Por la noche, Polzer se cepillaba el traje y se planchaba los pantalones poniéndolos debajo de unos libros. Él quería tener aspecto de estudiante de familia burguesa, y no de hijo de tendero. Escondía las manos que estaban rojas y curtidas del trabajo en la tienda, costumbre que contribuía a dar impresión de inseguridad y torpeza, y que nunca consiguió abandonar. Cuando en casa de los padres de Karl algún desconocido preguntaba en voz baja al dueño de la casa quién era Franz Polzer, éste se ponía rojo de vergüenza. Por más que disimularan la pregunta y bajaran la voz, Franz Polzer, aunque no la oyera, la captaba con un finísimo oído interior.

Lo que más deseaba él era ser de buena familia. Mucho tiempo después, aún se ponía colorado si alguien le hacía preguntas sobre su procedencia, y contestaba con evasivas. A veces mentía y decía que su padre era profesor o juez. Una vez afirmó, incluso, ser hijo de un fabricante. Pero al momento advirtió que su interlocutor le miraba atentamente el traje, y advirtió, avergonzado, lo modesto de su aspecto.

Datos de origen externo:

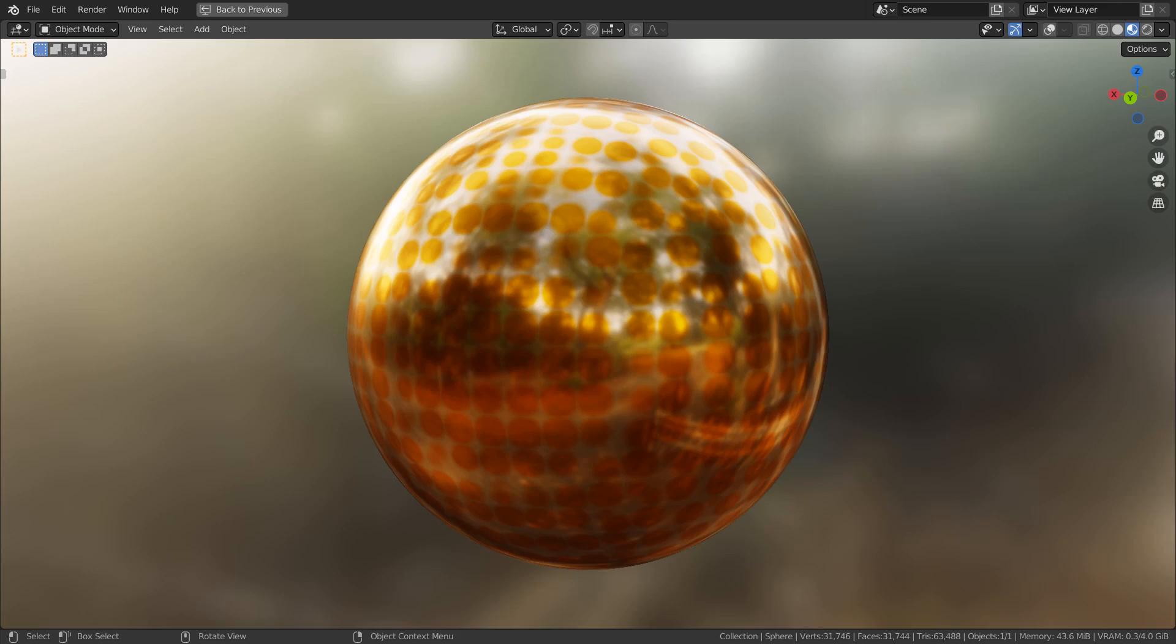In this tutorial, I'll show you how to create this material by using a texture node with a Color Ramp node.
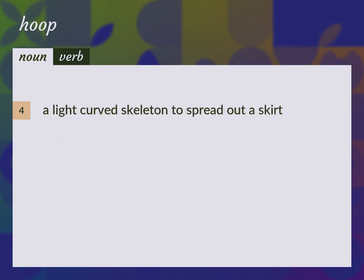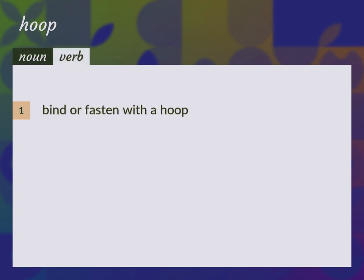A light curved skeleton to spread out a skirt. Bind or fasten with a hoop.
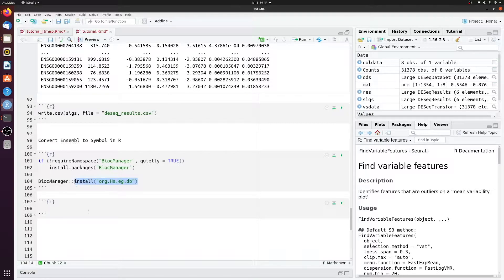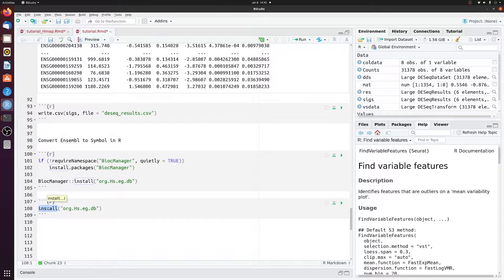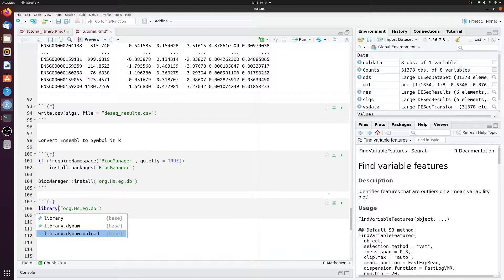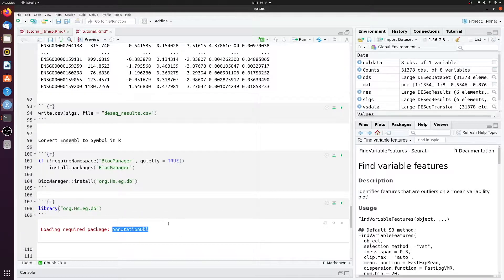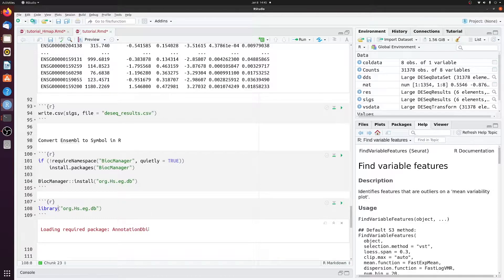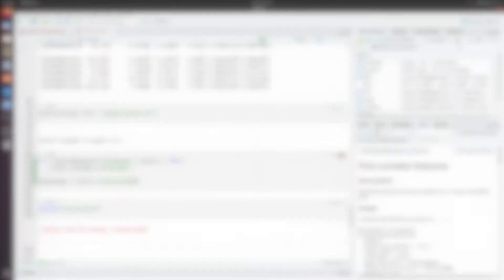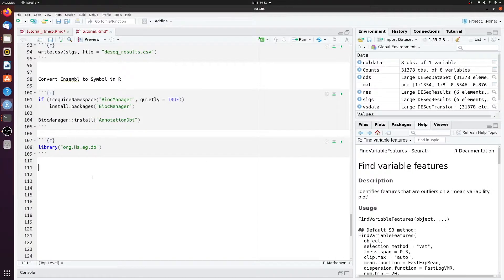So I already have it installed. Just go ahead and load that in. But it looks like I don't have this, so you would also download this from Bioconductor. Now we can load this.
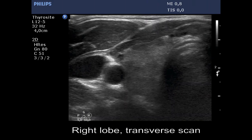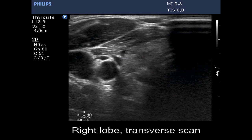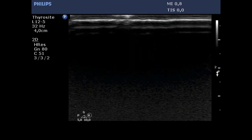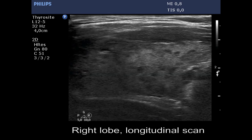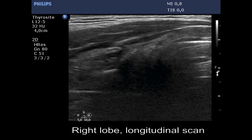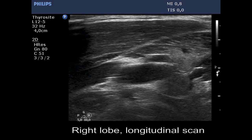The thyroid is ecnormal and has numerous hypoechoic areas. This is the focal form of lymphocytic thyroiditis.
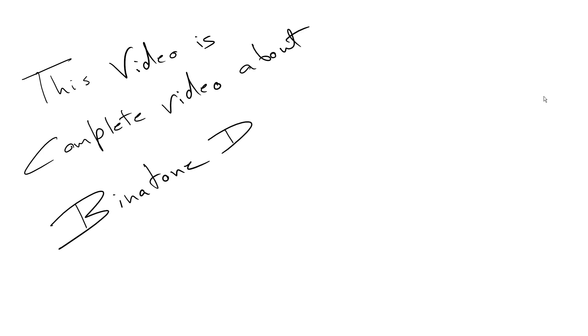Hello good morning, this is Techobia. This video is a complete guide about the Binatone D920 which you need to know.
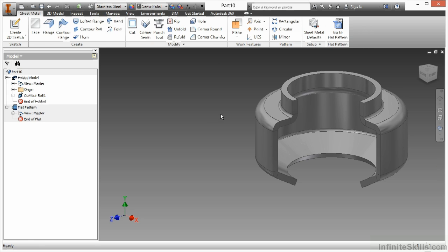So the contour roll is a little bit more unique in that sense, where I do get a nice flattened state for what the metal would be for the extents. So this has been a look at the contour roll for the sheet metal environment.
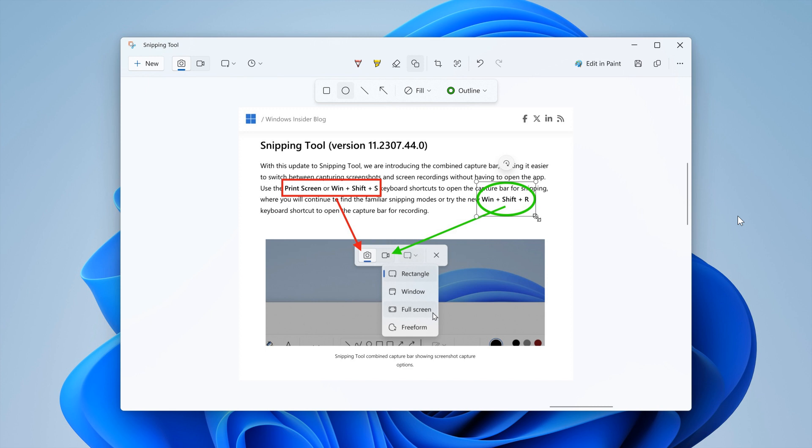This means that you can quickly add rectangles, ovals, lines, and arrows to mark up your screenshots. You can select the new shapes button, which is this little button here at the top.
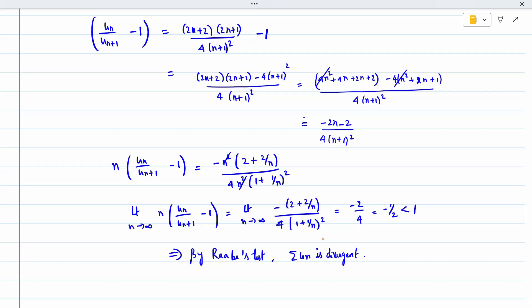The 4 comes because at x equal to 4 the ratio test failed, so we substitute x equal to 4. After substitution, the cancelled result gives minus 2 divided by 4, which is minus 1/2. Since minus 1/2 is less than 1, by Raabe's test the series is divergent. Therefore the sum of u_n is a divergent series.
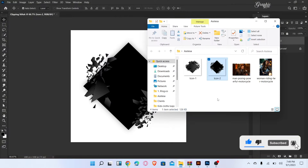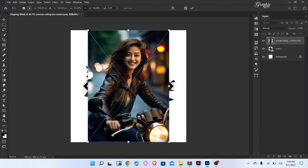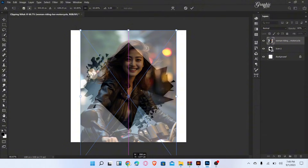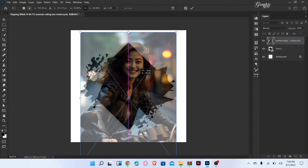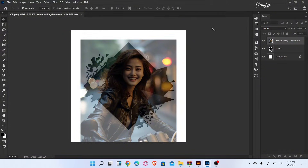Now place the image. Decrease the opacity of the image and adjust the image size and position. Now increase the opacity and create the clipping mask.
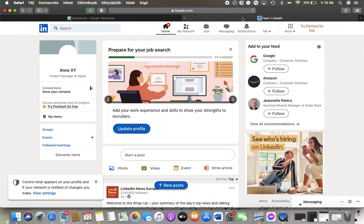Hello guys! In this video I am going to show you how to set who can send you invitations to connect on the LinkedIn.com website.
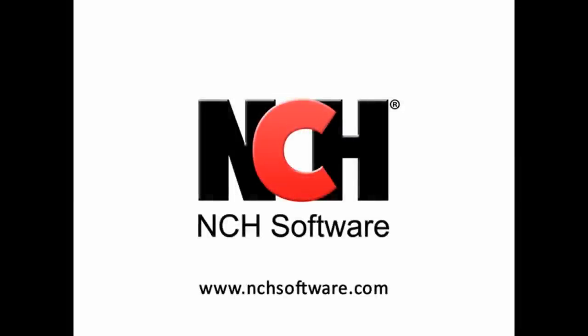Thanks again for choosing VideoPad from NCH software. We hope you'll check out our other video tutorials. You can also view more video-related software from NCH by clicking the address shown on your screen.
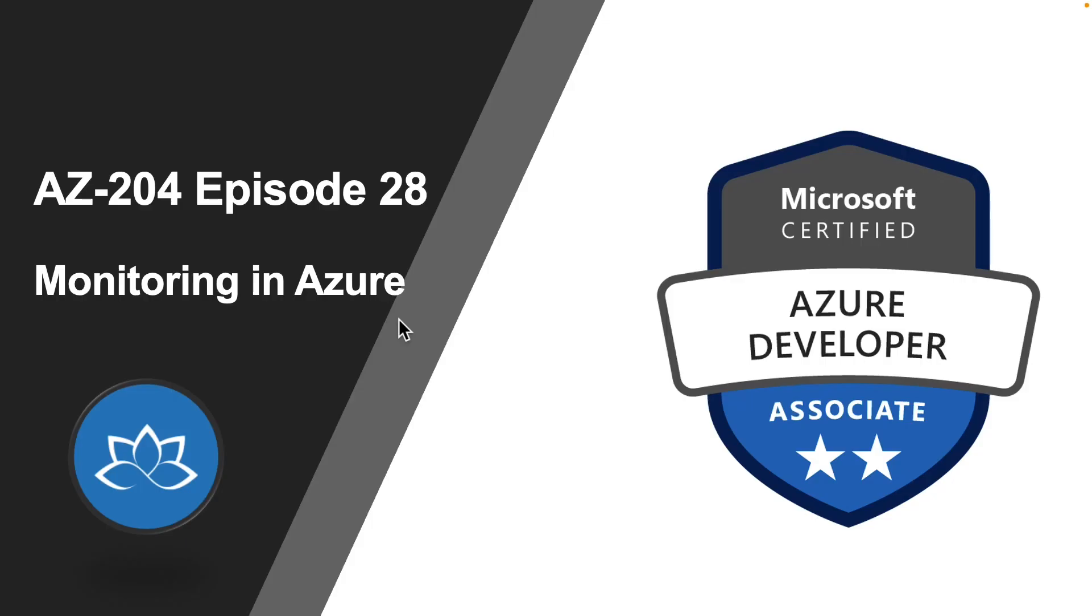That concludes this lesson. In the next lesson, we are going to learn about Monitoring in Azure. I will see you on the next one.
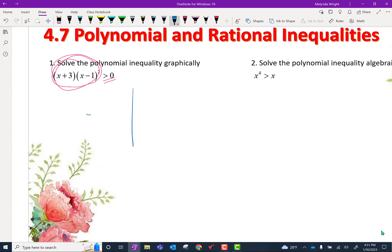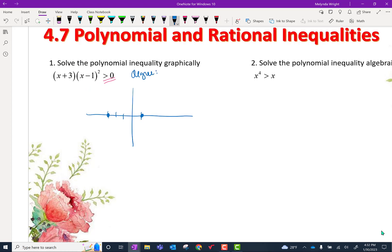Let's graph. We have a zero at negative 3 and a zero at 1. Now let's calculate our degree. The degree would be 1 plus 2, or 3, so it's odd. The leading coefficient — if I multiply everything out, what would my x-cubed term have in front of it? Those are 1x and 1x, so it would just be positive.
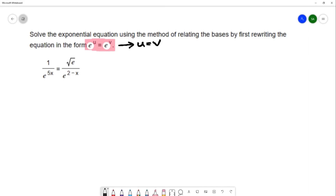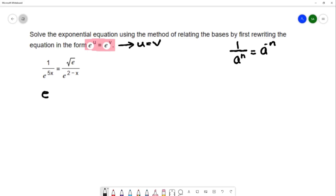As I do this, I'm going to be using some properties of exponents and I'll write which properties I'm using on the right side. One property involves negative exponents, which says that if you have 1 over a to the n, you can write it as a to the negative n. So on the left hand side, I'm going to write 1 over e to the 5x as e to the negative 5x using that property of negative exponents.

El padre de Karl Fanta se encargó de que Franz fuera a la universidad de la capital. Polzer iba con Karl. Él estudiaba Medicina y su amigo, Derecho. Polzer se alegró de marcharse de su casa, de perder de vista aquella tienda que le avergonzaba, de no tener que obedecer a su severo padre, de no ver la raya del pelo de la tía y de no tener que aguantar sus regaños. Un solo recuerdo se llevó de su casa, un recuerdo que siempre valoró más que nada en el mundo. El recuerdo de su madre, a la que casi no conoció. No obstante, él creía acordarse de ella, del día en que, poco antes de morir, ella hizo que se lo llevaran a la cama, donde ella estaba con todo el pelo suelto. Ella lo abrazó y le humedeció el pelo con sus lágrimas. Este recuerdo siempre le producía un calorcillo en el corazón. Él, para huir del odio de su tía, se refugiaba en el amor a su madre, el cual crecía a medida que iba en aumento la inquina hacia la tía.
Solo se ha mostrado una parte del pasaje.